Comparing graduation rates from one state to the next or even one school to another can be as difficult as trying to help your children with their math homework.

That challenge is expected to go away within the next five years, with US Education Secretary Margaret Spellings proposing new rules that would require states to assign each student a unique ID number. This will facilitate tracking from the time a student enters 9th grade until he graduates or drops out of school.

Spellings' call – which mirrors an agreement from the National Governors Association – will force every district to face up to the reality of a more scientific graduation rate, and quit hiding behind more positive estimates.

Washington state assigned a unique ID to every student four years ago, so this year's senior class will be the first with four years of data, so the 2008 graduation rate will be based on the method Spellings wants to mandate for all states.

State officials don't know if the new method will help or hurt Washington's steady 70% on-time graduation rate, said Joe Willhoft, director of assessment for the Washington Office of the Superintendent of Public Instruction.

But, Willhoft adds, the point of the effort is to come up with a number that tells the truth.

One of the facts covered up by graduation rate estimates is that only about one half of minorities graduate from high school, while those without a diploma face a bleak future.

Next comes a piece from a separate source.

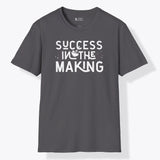 Xpress Your Passion Success In The Making T-Shirt Charcoal / S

No Child Left Behind was supposed to focus on the inequalities in the nation's public schools, but has done little to improve graduation rates.

The federal government has offered grants to improve state education departments' data systems, which may be used to pay for a system to track students by unique IDs, said US Education Department spokesman Chad Colby. The federal government gave a total of US$62.2 million to 13 states in 2007 for data systems, which can cost millions.

New York is also in the process of adopting the new approach, and state officials expect the more accurate numbers will be significantly lower in some cases because many schools used an index that didn't account for students who dropped out in ninth and tenth grades.

Spellings' proposal mandates calculating graduation rates by following each 9th grader for four years in every state by the 2013-14 school year.

“Her approach allows one year to prepare and four years to implement, which is a reasonable approach,” said Willhoft of Washington state.